SANTA CRUZ. UC Santa Cruz researchers have collected more than 10 million genetic variants of the COVID-19 virus from around the world and organized them into a family tree that maps the evolution of the coronavirus.
“This scale of data is truly unprecedented,” said Angie Hinrichs, a bioinformatics programmer at the University of California, Santa Cruz. “We’ve never had so many genomes of the same species before.”
In February 2020, after the first strain of the coronavirus became available, UC Santa Cruz researchers adapted the design of their existing genome browser and created it specifically to store and display collected genetic variants of the COVID-19 virus. Since the browser was created, thousands of coronavirus sequences have been received daily from researchers both in the US and around the world. Researchers at the University of California at Santa Cruz are having a hard time managing a massive amount of data.
“The tools that were available to build phylogenetic trees before the pandemic could process a few thousand genome sequences, but all of a sudden we have tens of thousands,” said Hinrichs, who has worked with the university’s genome browser for more than 20 years.

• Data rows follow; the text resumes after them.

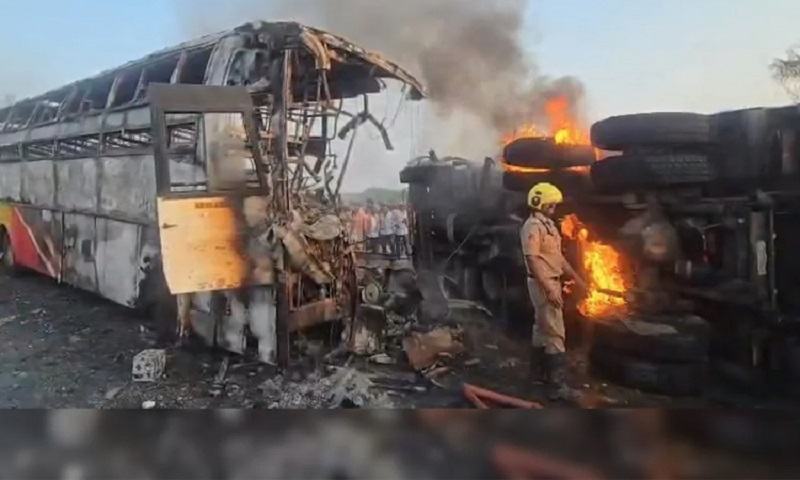 ভারতে বাস-লরির সংঘর্ষে অন্তত ১৩ জন নিহত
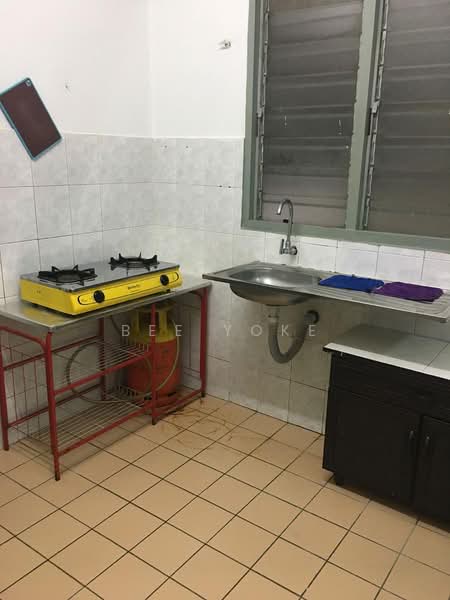 Pangsapuri untuk Dijual di Sri Ria Apartments - Bee Yoke - Kitchen - PropertyGuru.com.my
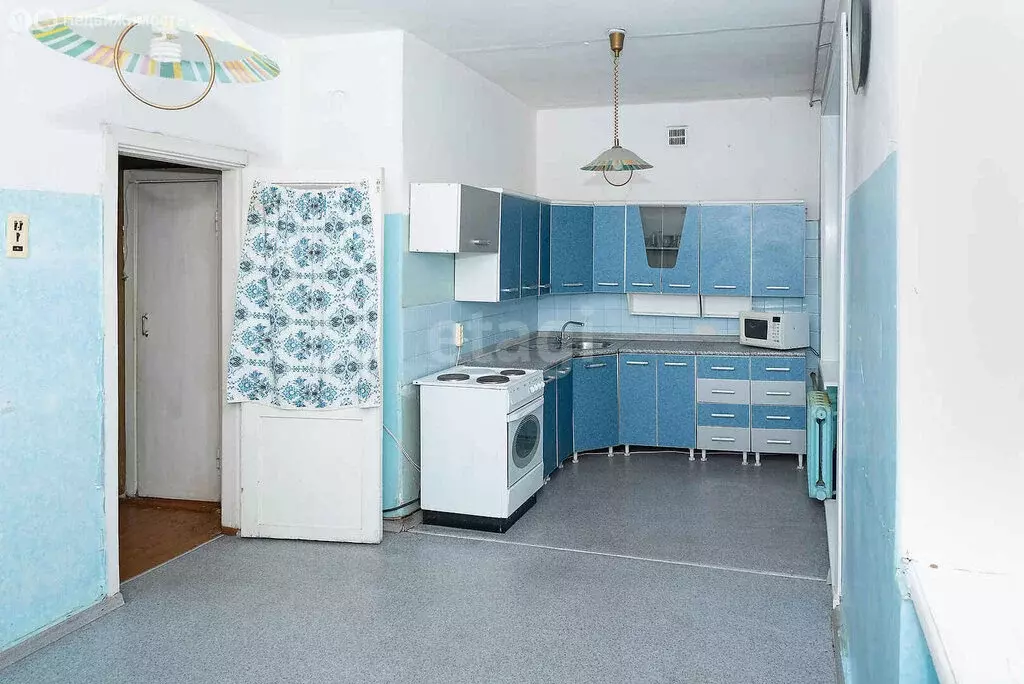 3-комнатная квартира: Бийск, улица Александра Радищева, 2/2 (111.7 м) - Фото 1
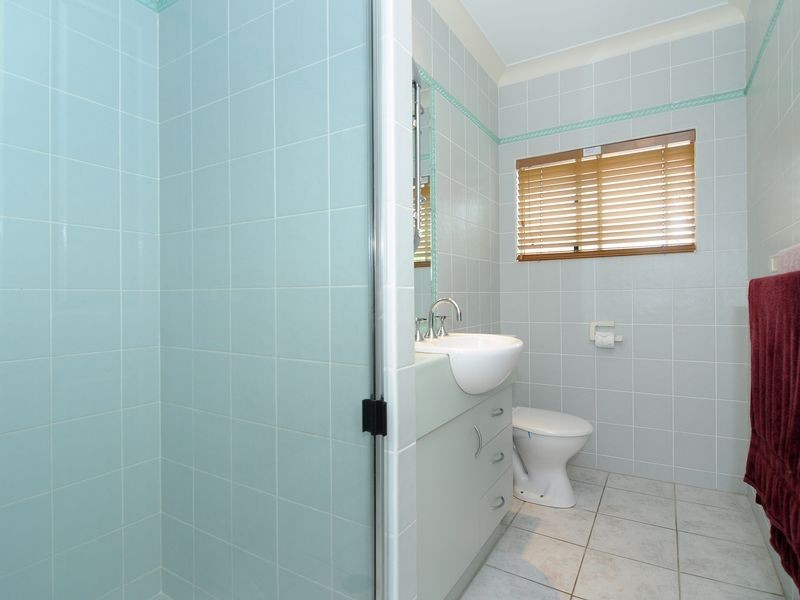 8 Kipling Street, Brinsmead QLD 4870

With this in mind, a team of researchers, including Hinrichs, was assembled to transform the incomprehensible amount of information into the form of a phylogenetic tree, similar to the family tree of a virus. Team member, then postdoctoral fellow, Yatish Turakhia, wrote a new program called UShER that allowed scientists to quickly and accurately organize coronavirus variants in the massive phylogenetic tree stored in the university’s coronavirus browser. In June, the number of options in the database exceeded ten million.
To compare statistics, the next highest number of sequences collected in the UC Santa Cruz Genome Browser is E. coli, with just over 5 million genomic sequences, about half the number of coronavirus strains collected. Hinrichs notes that E. coli has been studied by scientists for decades.
The university’s coronavirus genome browser and its hosted phylogenetic tree have allowed scientists and researchers to track the history of the virus as it moves geographically, identifying new lineages and deadly variants such as the omicron, or BA.1 and BA.2 as they are called. tree and predict superspreading events or other potentially dangerous phenomena that can be foreseen in the tea leaves of the phylogenetic tree as it continues to grow.
“I wish the pandemic would go away and the episodes would stop coming in and I could complete this project, but that hasn’t happened yet,” Heinrich said. “As long as the virus continues to evolve, we will continue to build this tree so that we can at least understand what it is doing.”